Squash and a microwave seem an ironic tribute for a couple accused by the Philippines’ new leaders of stealing billions from their countrymen and squandering it or investing it in mansions, jewelry and Manhattan real estate.

Even more ironic are indications that the Marcoses genuinely seem to need the gifts.

If the world has cast them as villains in a real-life episode of television’s “Dynasty,” some observers contend, Ferdinand and Imelda Marcos’ Hawaiian exile has proven to be more in the down-at-the-heels style of “The Waltons.” Almost two months after they fled Manila’s opulent Malacanang Palace, the Marcoses appear to those observers to have a Spartan life--painfully short of the cash they are alleged to have stolen, and perhaps even shorter on allies.

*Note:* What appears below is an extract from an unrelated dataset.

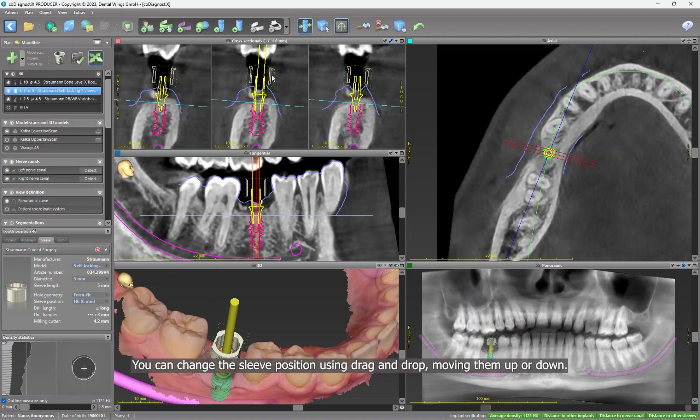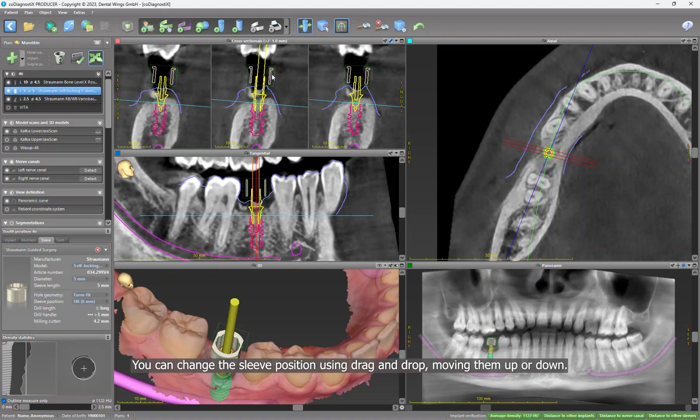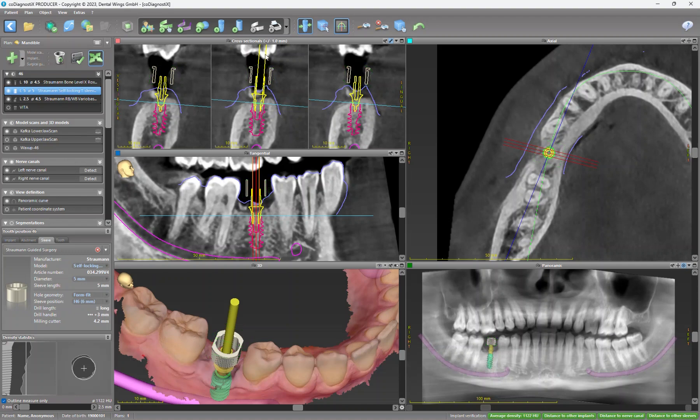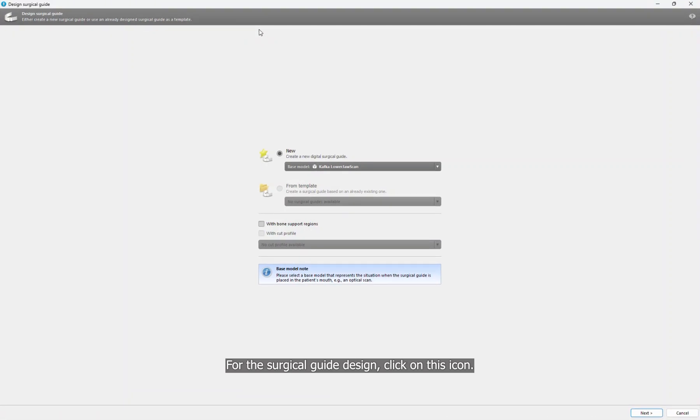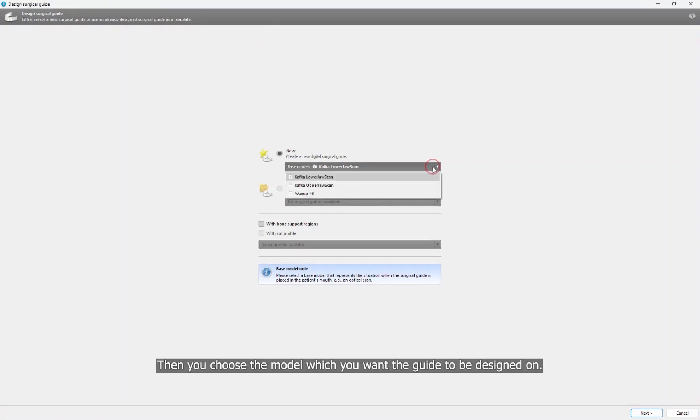And when closing this window, the sleeves are set for the implant. You can change the sleeve position using drag and drop, moving them up or down. For the surgical guide design, click on this icon.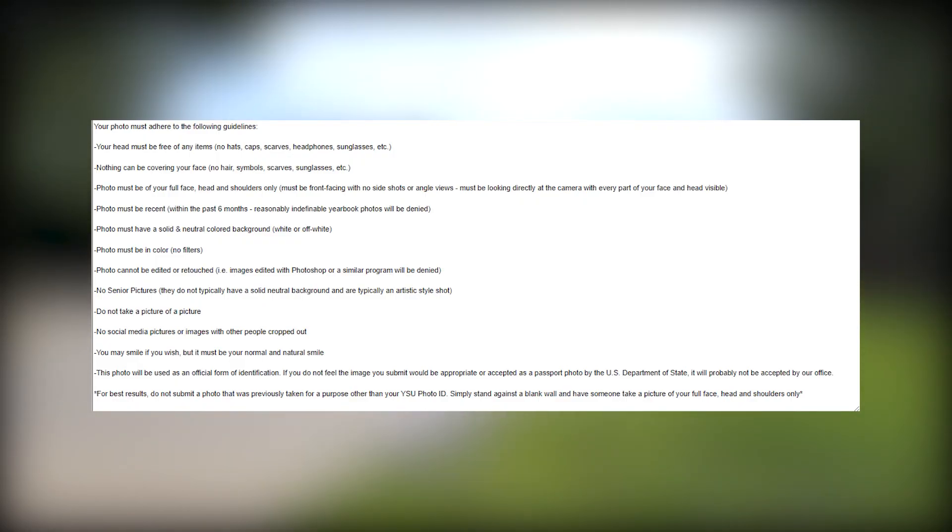Then go to the Reason for Photo Submission drop-down box and select the option that best fits you. After this, choose file and upload the picture that you want to be on your YSU ID. Keep in mind that if your photo does not follow the guidelines it may be rejected, so ensure that you follow them closely. Once your photo is inserted, select Upload Photo.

By one account, the reputed billionaires have run up close to $1 million in unpaid bills for security work, legal defenses, medical treatment and other essentials of exile, with the total rising daily.

Marcos is said to have promised creditors that he would raise the money from friends or have it wired in from elsewhere. But all such efforts are said to have failed.

“I am carefully avoiding saying that he doesn’t have assets,” said one associate who refused to be identified, “or that he won’t have access to assets at some time. . . . But based on the evidence I see, the guy’s got a cash-flow problem.”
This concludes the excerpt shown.